Die meisten von uns haben Angst vor dem Alleinsein. Gehen wir je allein spazieren? Sehr selten. Wir wollen immer, dass uns jemand begleitet, weil wir uns unterhalten wollen, wir wollen jemandem etwas erzählen, wir reden und reden und reden. Also sind wir nie allein, nicht wahr? Wenn man älter wird und allein spazieren gehen kann, entdeckt man eine Menge. Man entdeckt die eigene Denkweise, und dann beginnt man zu beobachten, was um einen herum ist: den Bettler, den Dummen, den Klugen, den Reichen und den Armen; man nimmt die Bäume wahr, die Vögel, das Sonnenlicht auf einem Blatt. All das sieht man, wenn man allein hinausgeht. Beim Alleinsein merkt man auch bald, dass man Angst hat. Und weil wir Angst haben, haben wir etwas erfunden, das wir Religion nennen.

Es wurden viele Bücher über Gott geschrieben und darüber, was man tun soll, um ihm nahe zu sein, aber all das beruht auf Angst. Solange man Angst hat, kann man nichts Wirkliches finden. Wenn ihr Angst vor der Dunkelheit habt, traut ihr euch nicht nach draußen, also zieht ihr die Decke über den Kopf und schlaft. Um hinauszugehen und zu schauen, um herauszufinden, was wirklich ist, muss man frei von Angst sein, nicht wahr? Aber es ist sehr schwer, frei von Angst zu sein. Die meisten Erwachsenen sagen, man könne erst frei sein, wenn man älter ist, wenn man Wissen erworben, Erfahrungen gesammelt und gelernt hat, den eigenen Verstand zu kontrollieren. Sie glauben, Freiheit sei etwas weit Entferntes, das man erst am Ende und nicht am Anfang des Lebens haben kann. Aber man muss von klein auf Freiheit haben, sonst ist man nie frei.

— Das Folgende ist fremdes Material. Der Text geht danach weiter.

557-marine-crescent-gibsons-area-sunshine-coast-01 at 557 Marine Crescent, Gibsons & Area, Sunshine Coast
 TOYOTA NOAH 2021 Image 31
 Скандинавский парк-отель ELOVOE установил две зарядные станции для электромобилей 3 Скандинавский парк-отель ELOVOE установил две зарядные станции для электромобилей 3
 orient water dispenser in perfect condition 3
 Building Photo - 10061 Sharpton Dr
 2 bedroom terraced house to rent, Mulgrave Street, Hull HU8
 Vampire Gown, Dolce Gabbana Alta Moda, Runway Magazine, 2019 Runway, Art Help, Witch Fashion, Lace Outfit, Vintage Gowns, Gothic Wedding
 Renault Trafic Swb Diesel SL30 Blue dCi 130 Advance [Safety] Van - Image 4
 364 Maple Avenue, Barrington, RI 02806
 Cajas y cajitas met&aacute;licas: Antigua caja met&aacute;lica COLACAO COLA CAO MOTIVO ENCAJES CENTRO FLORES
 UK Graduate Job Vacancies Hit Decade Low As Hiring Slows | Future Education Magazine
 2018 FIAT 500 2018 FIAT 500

Die älteren Leute, die selbst Angst haben, disziplinieren euch, sie sagen euch, was richtig und was falsch ist. Sie sagen euch, dass ihr dies tun sollt und das nicht, dass ihr daran denken müsst, »was die Leute sagen« und so weiter. Man versucht, euch mit allen möglichen Formen von Kontrolle in eine Form zu pressen, in einen Rahmen, ein Schema, und das wird dann Disziplin genannt. Und weil ihr sehr jung seid und selbst Angst habt, fügt ihr euch, aber das hilft euch nicht, denn wenn ihr euch nur einfügt, versteht ihr überhaupt nichts.

Betrachtet es einmal von der anderen Seite. Würdet ihr machen, was ihr wollt, wenn man euch nicht disziplinierte, nicht kontrollierte und klein hielte? Würdet ihr tun, was euch beliebt, wenn niemand da wäre, der euch sagt, was ihr zu tun habt? Jetzt würdet ihr es vielleicht tun, weil ihr daran gewöhnt seid, dass man euch zwingt, unten hält, in eine Form presst, und als Reaktion darauf würdet ihr genau das Gegenteil tun. Aber nehmt einmal an, der Lehrer würde euch von klein auf, vom ersten Schultag an, alles erklären und alles mit euch besprechen und euch nicht sagen, was ihr tun sollt – wie würdet ihr dann reagieren? Wenn euch der Lehrer vom ersten Schultag an erklärte, dass man von Anfang an frei sein muss, und nicht erst am Schluss, kurz vor dem Tod, was würde dann passieren?